Chain Rule and Partial Derivatives

[theBEAST]

Homework Statement

Here is the problem:
http://dl.dropbox.com/u/64325990/MATH%20253/help.PNG

The Attempt at a Solution

http://dl.dropbox.com/u/64325990/Photobook/Photo%202012-05-24%209%2037%2028%20PM.jpg

This seems to be wrong... Since I have fx and fy which I cannot cancel out. Why is this wrong?

I guess it can only cancel is fx = fy but how do I prove that? We don't even know what f is.

 

[Mark44]

You're more likely to get help if you don't make people open different windows to see the problem and what you did. Speaking for myself only, if you aren't motivated enough to at least try to make it easier for me to help, then I'm likewise not motivated enough to provide any help.

 

[theBEAST]

You're more likely to get help if you don't make people open different windows to see the problem and what you did. Speaking for myself only, if you aren't motivated enough to at least try to make it easier for me to help, then I'm likewise not motivated enough to provide any help.

Oh I'm sorry I just thought it would be easier for the people who are not logged onto their physicsforum account. That way they can see it too. I will upload them to the site as well then...

Edit: I tried to upload the other picture but apparently it was too large. Anyone know how to decrease the image size? I don't have photoshop.

Edit: Ok so turns out you can insert images... But the other image is once again too large. Next time I will edit it on my iphone before uploading it to Dropbox.

 

[Dick]

The partial derivative with respect to x of f(x^2-y^2) is just f'(x^2-y^2)*2x. There's really only one way to take a derivative of f.

 

[theBEAST]

The partial derivative with respect to x of f(x^2-y^2) is just f'(x^2-y^2)*2x. There's really only one way to take a derivative of f.

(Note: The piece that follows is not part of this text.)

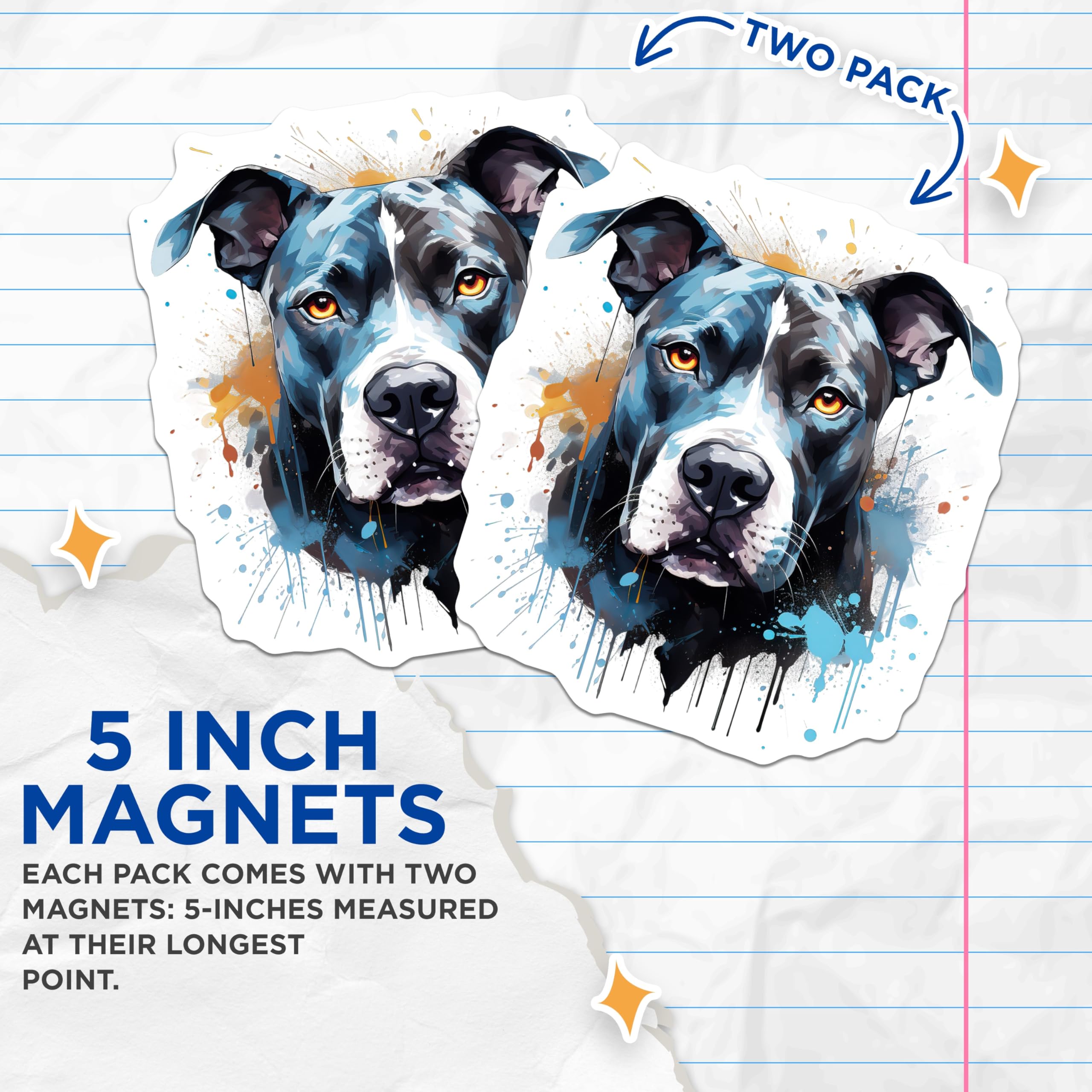 (2 Pack) Pitbull Magnets - Watercolor Dog Art - Pet Lover Fridge Decor - 5 Inches On Longest Side - Thick Durable Magnet - Made in USA - MAG26274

Thanks but aren't fx and fy different? Since you can take the derivative of f with respect to both x and y. I reuploaded a new attempt I made and it shoes that they are not equal unless fx = fy. But I don't think fx = fy.

 

[Dick]

Thanks but aren't fx and fy different? Since you can take the derivative of f with respect to both x and y. I reuploaded a new attempt I made and it shoes that they are not equal unless fx = fy. But I don't think fx = fy.

f is a function of ONE variable. In your case the value of the variable happens to be x^2-y^2. But there's still only one way to differentiate f. The derivative of f is f'.

 

[theBEAST]

f is a function of ONE variable. In your case the value of the variable happens to be x^2-y^2. But there's still only one way to differentiate f. The derivative of f is f'.

Oh wow that makes so much sense now, thanks!